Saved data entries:
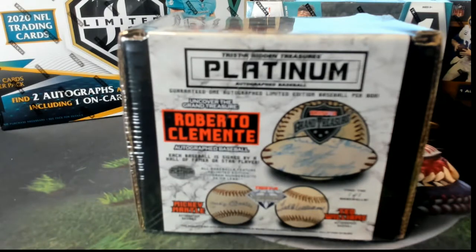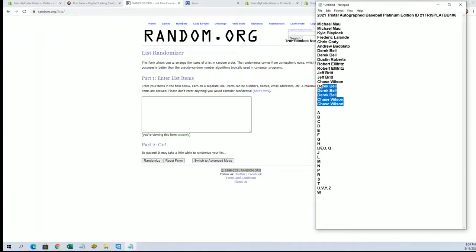Here it is guys. This is a TriStar Autograph Baseball Platinum Edition number 106. 2021, let's go.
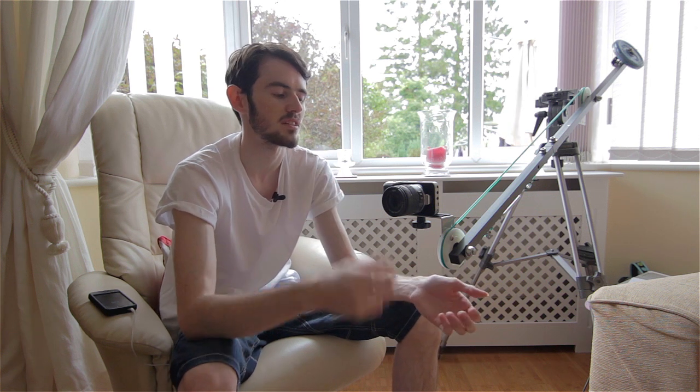Sorry I haven't made a video in about three weeks — I've been trying to think of one to make but couldn't really come up with anything. The weather has been a bit on and off lately, even though we have had some nice days, and I really want to do my next video outside.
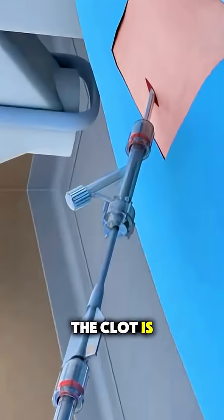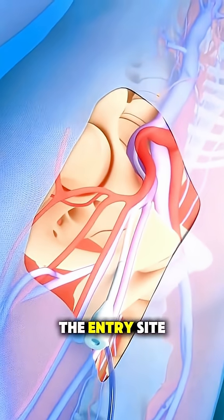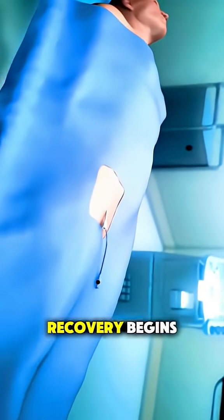After the clot is removed, the catheter is withdrawn, the entry site is sealed, and recovery begins.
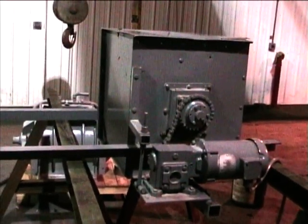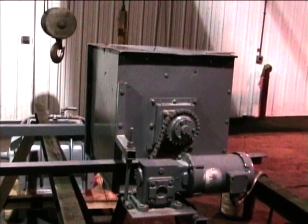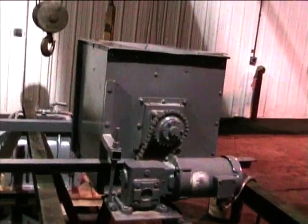This is a magnetic drum separator. The unit is powered by a three-quarter horsepower three-phase electric motor. It has an inlet here that is three and a half inches wide by 22 inches long. The outlet is also three and a half inches wide by 22 inches long on the bottom.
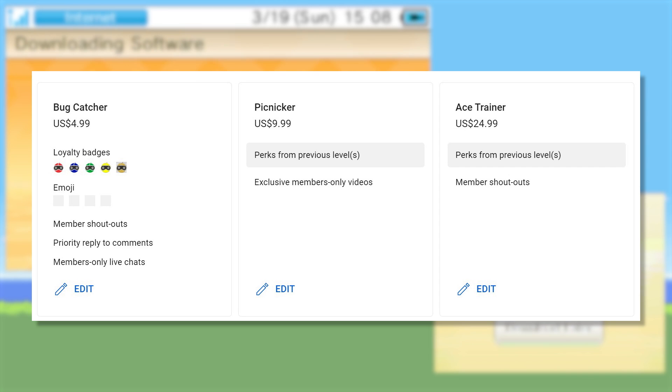Eventually I hope to create some custom emojis, but as of right now I don't have any of those finished. You'll also get your name shown on the screen at the end of all my videos. Plus if you leave a comment you'll receive priority and I'll attempt to reply as soon as possible. And lastly, if at some point I do any live streams on the channel, the chat will be restricted to members only.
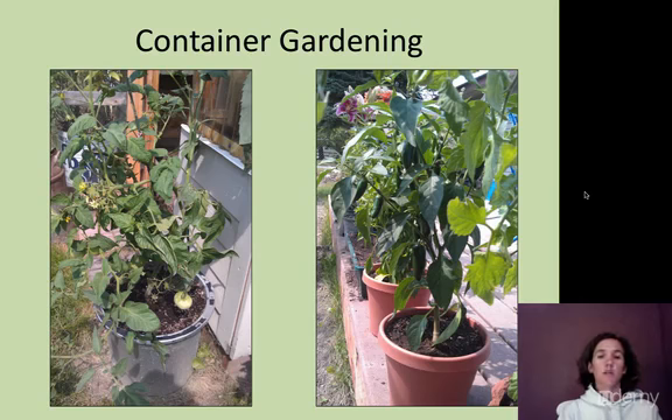The next thing to consider with container gardening is ensuring your containers have proper drainage, so your plants don't suffocate. Plants need air as much as they need water, and if there's no drainage, your plants are going to die. Most gardening containers come with drainage already. If you're creating a container out of something not originally intended for gardening, you need to add drainage — drill lots of holes. The holes don't need to be huge, but there need to be a lot of them.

* **Exercise instructions**
Omitting the images, transcribe every record exactly.

* **Response for this exercise**
Here it is guys. This is a TriStar Autograph Baseball Platinum Edition number 106. 2021, let's go.
Sorry I haven't made a video in about three weeks — I've been trying to think of one to make but couldn't really come up with anything. The weather has been a bit on and off lately, even though we have had some nice days, and I really want to do my next video outside.
After the clot is removed, the catheter is withdrawn, the entry site is sealed, and recovery begins.
This is a magnetic drum separator. The unit is powered by a three-quarter horsepower three-phase electric motor. It has an inlet here that is three and a half inches wide by 22 inches long. The outlet is also three and a half inches wide by 22 inches long on the bottom.
Eventually I hope to create some custom emojis, but as of right now I don't have any of those finished. You'll also get your name shown on the screen at the end of all my videos. Plus if you leave a comment you'll receive priority and I'll attempt to reply as soon as possible. And lastly, if at some point I do any live streams on the channel, the chat will be restricted to members only.
The next thing to consider with container gardening is ensuring your containers have proper drainage, so your plants don't suffocate. Plants need air as much as they need water, and if there's no drainage, your plants are going to die. Most gardening containers come with drainage already. If you're creating a container out of something not originally intended for gardening, you need to add drainage — drill lots of holes. The holes don't need to be huge, but there need to be a lot of them.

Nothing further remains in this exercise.